» **YOUR OBJECTIVE**
Your output should be the lines from the one containing "Green Lantern - Kyle" through the last line below, both ends included, exactly as written and free of pictures.

» **RECORDED DATA**
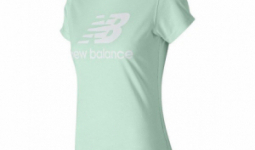Női rövidujjú póló New Balance WT91546WVP Zöld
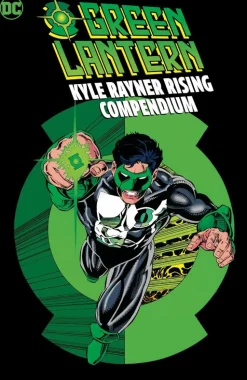 Green Lantern - Kyle Rayner Rising Compendium Trade Paperback Book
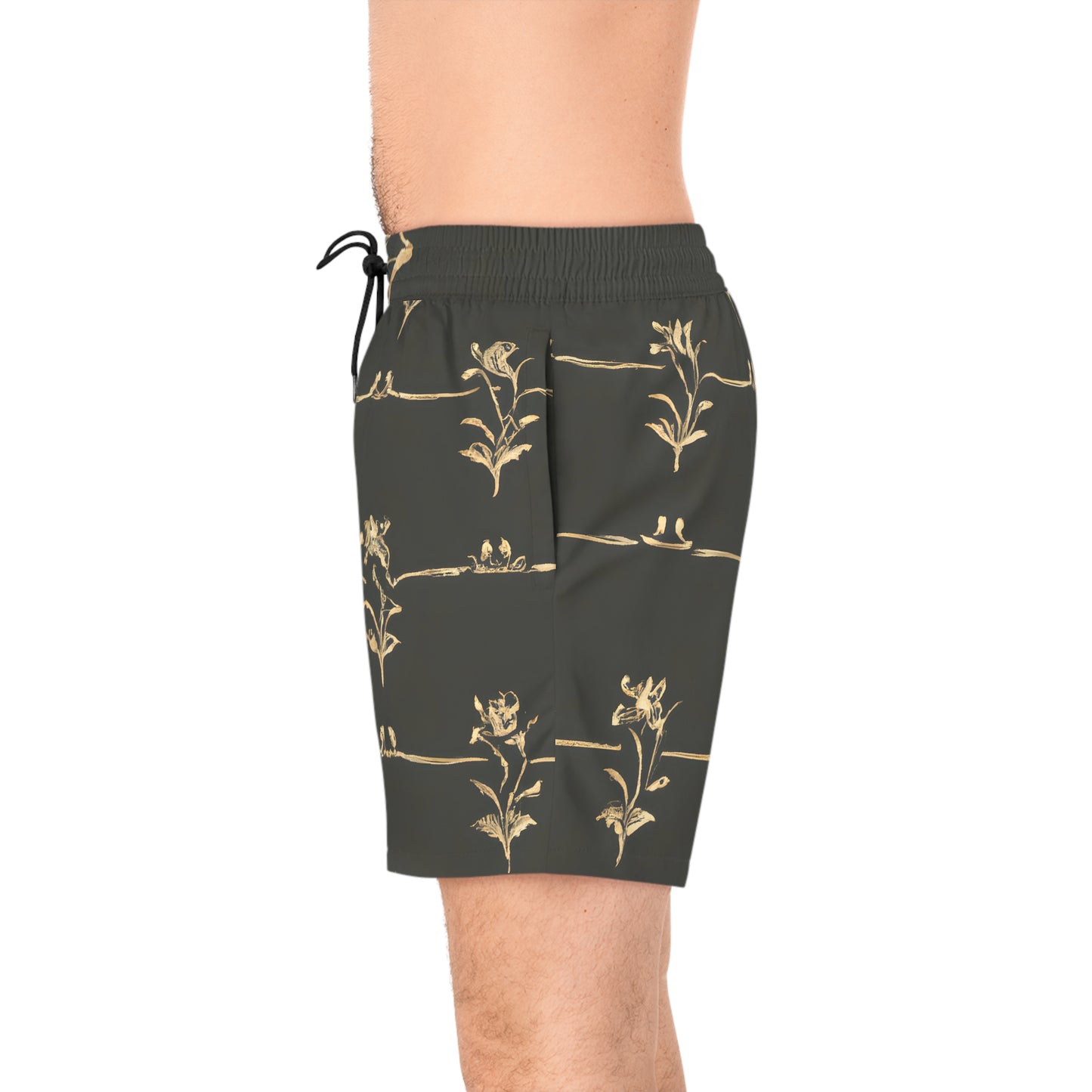 Iristo Shirley - Men's Mid-Length Swim Shorts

» **ANSWER SPACE**
 Green Lantern - Kyle Rayner Rising Compendium Trade Paperback Book
 Iristo Shirley - Men's Mid-Length Swim Shorts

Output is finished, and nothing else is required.